GIVEN DATA:
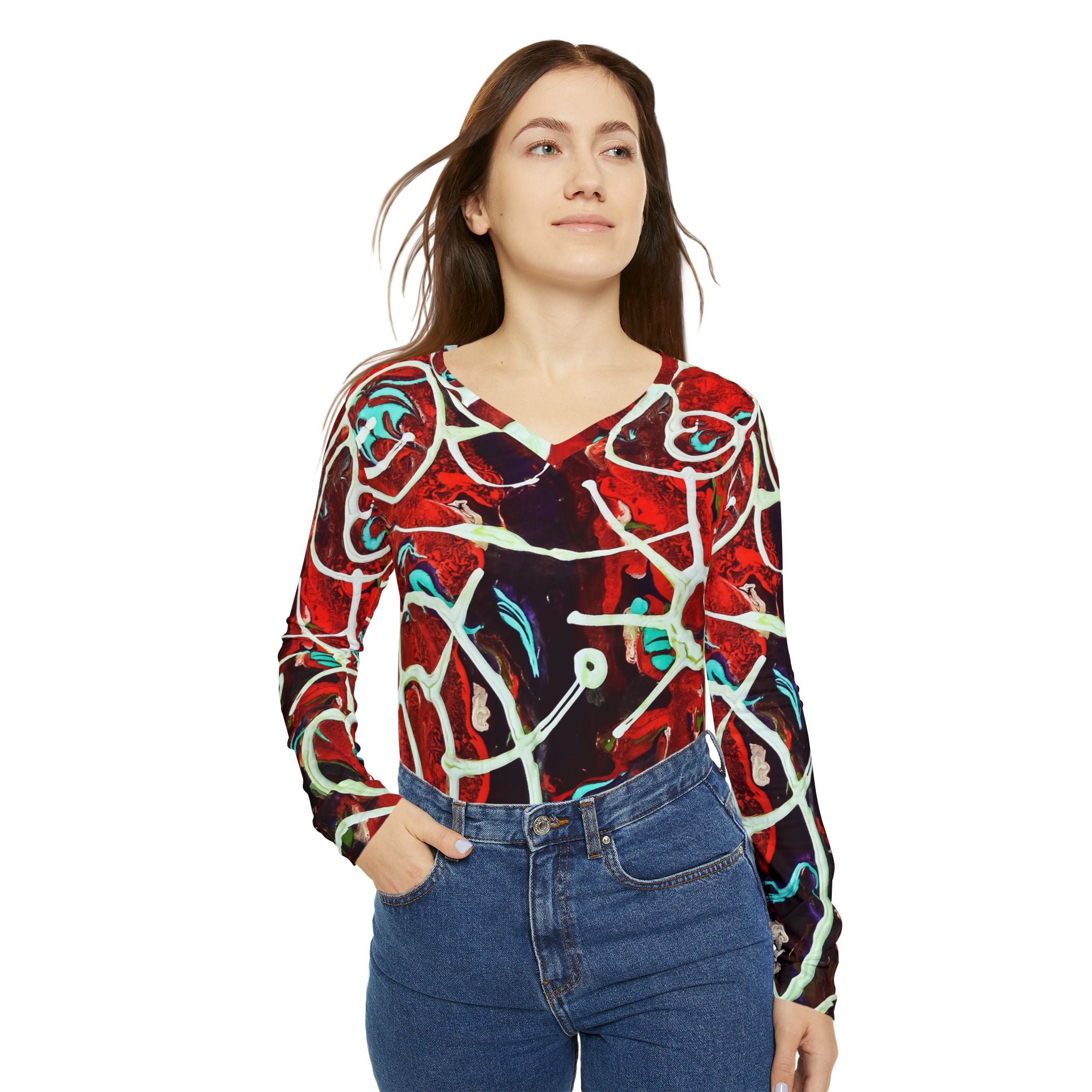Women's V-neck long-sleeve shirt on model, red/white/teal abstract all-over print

* * *

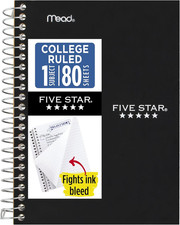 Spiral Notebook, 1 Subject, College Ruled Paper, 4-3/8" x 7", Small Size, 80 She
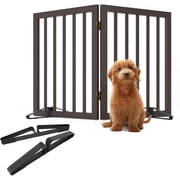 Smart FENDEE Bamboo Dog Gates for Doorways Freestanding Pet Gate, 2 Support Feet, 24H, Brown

WORK TO COMPLETE: In the listing above, find the line with "Spiral Notebook, 1" and the line with "Smart FENDEE Bamboo". Copy both of them and every line between, exactly, but not the pictures.

ANSWER TO THIS TASK:
 Spiral Notebook, 1 Subject, College Ruled Paper, 4-3/8" x 7", Small Size, 80 She
 Smart FENDEE Bamboo Dog Gates for Doorways Freestanding Pet Gate, 2 Support Feet, 24H, Brown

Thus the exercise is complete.